Task guarantee ratio

VM Consumption: VM Consumption portrays the number of virtual machines configured over the physical host to execute the tasks. It is calculated by Eq. 12. Synthetic workload (diverse tasks) has been generated to calculate the consumption of virtual machines using the proposed algorithm as well as other scheduling approaches. As Fig. 6 demonstrates the quantity of VMs configured to execute tasks in the proposed approach are roughly 50–60% of the number utilized in the existing methodology, while other approaches have approximately 60–80%. The proposed scheduling approach has helped in an incredible way to reduce the quantity of VMs configured to execute tasks.

Fig. 6
figure 6

Consumption of VMs

Task execution Overhead It is the ratio of total overhead with number of submitted requests and calculated by Eq. 13. In the existing approach, task execution overhead is examined, VM configuration, migration overhead and execution are considered because lots of factor affects the task migration during the scheduling. We have generated the number of tasks and processed over the 500 heterogeneous virtual machines using the proposed approach as well as other scheduling approaches like PSO-COGENT [20], Min-Min [23], FCFS [24]. Simulation results show in Fig. 7 represents that the overhead of the proposed approach is less than the other scheduling approaches. The migration and configuration overhead both consolidated in the proposed approach and the total overhead is roughly half of the overhead in the existing approach while serving customers' requirements dynamically.

Fig. 7
figure 7

Tasks overhead of proposed approach and other scheduling approach

6 Conclusion

Optimal virtual placement is one of the interesting topics in the field of the cloud because lots of performance parameters depend upon it. In the existing work, a large number of VMs are configured to serve the requirements of the end-users. Configuring a VM takes a lot of time, which leads to degrade the performance.
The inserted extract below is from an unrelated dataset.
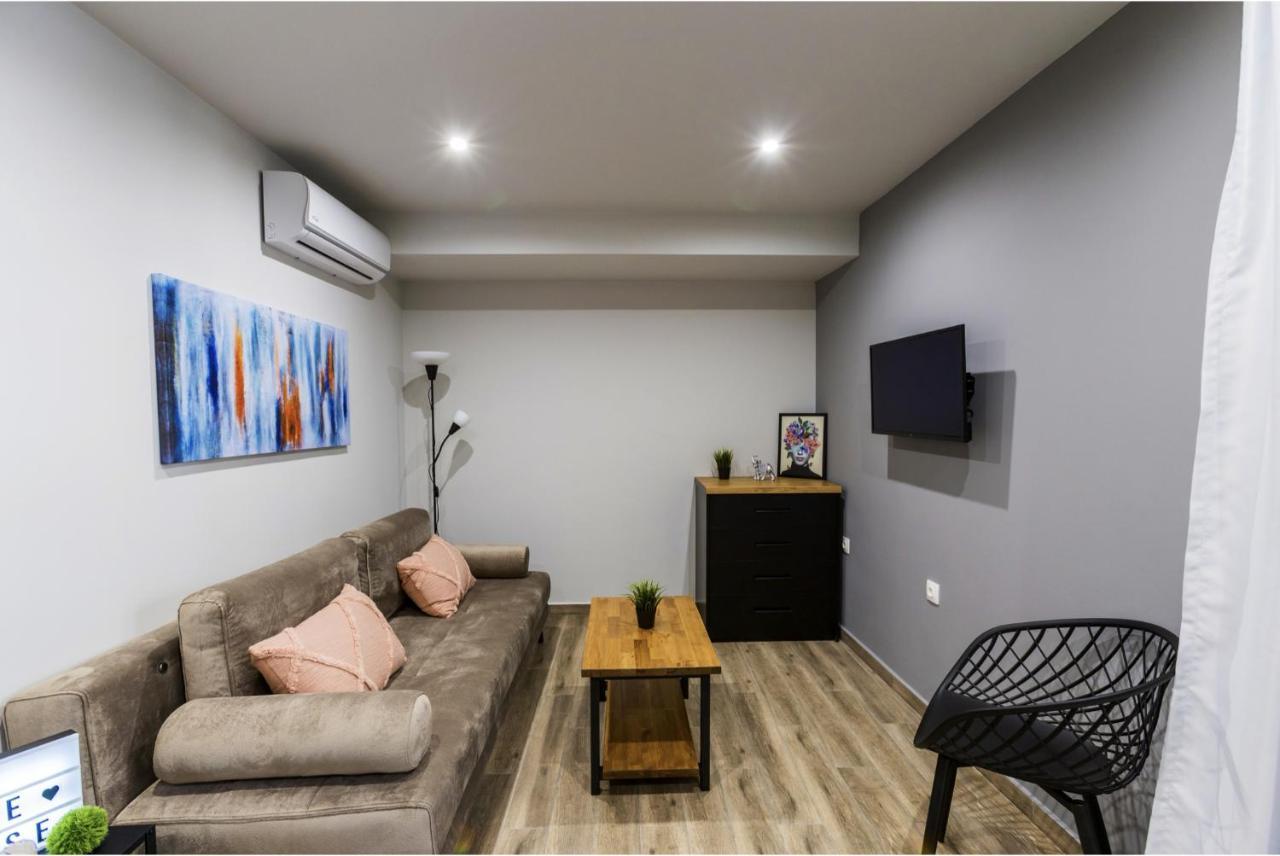 Raise Averof Serviced Apartments Athens Exterior photo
Hence, we have used an optimistic approach to overcome the above-mentioned issues and reduce the overhead as well as makespan time of end users' tasks. Further, the proposed approach used a productive scheduling strategy to schedule tasks over VMs, and task migration is utilized that helped incredibly to decrease the quantity of VMs for the execution of tasks in a dynamic environment. Also, tasks are attempted to schedule effectively over the pre-configured VMs with the goal that the configuration overhead of VMs can be reduced and avoid the possibility of over or under-utilization of the physical host. To assess the performance of the proposed approach, we have used Cloudsim toolkit 3.03 with synthetic workload. Experimental results are shown in Figs. 3, 4, 5, 6 and 7 proved that our approach of scheduling tasks has helped in an incredible way to improve the QoS parameters. In the future, we will apply the proposed approach to calculate other QoS parameters like reliability, energy consumption, availability, etc. We can apply the machine learning based approach to predict the upcoming workload, to allocate the cloud datacenter resources in more optimal fashion.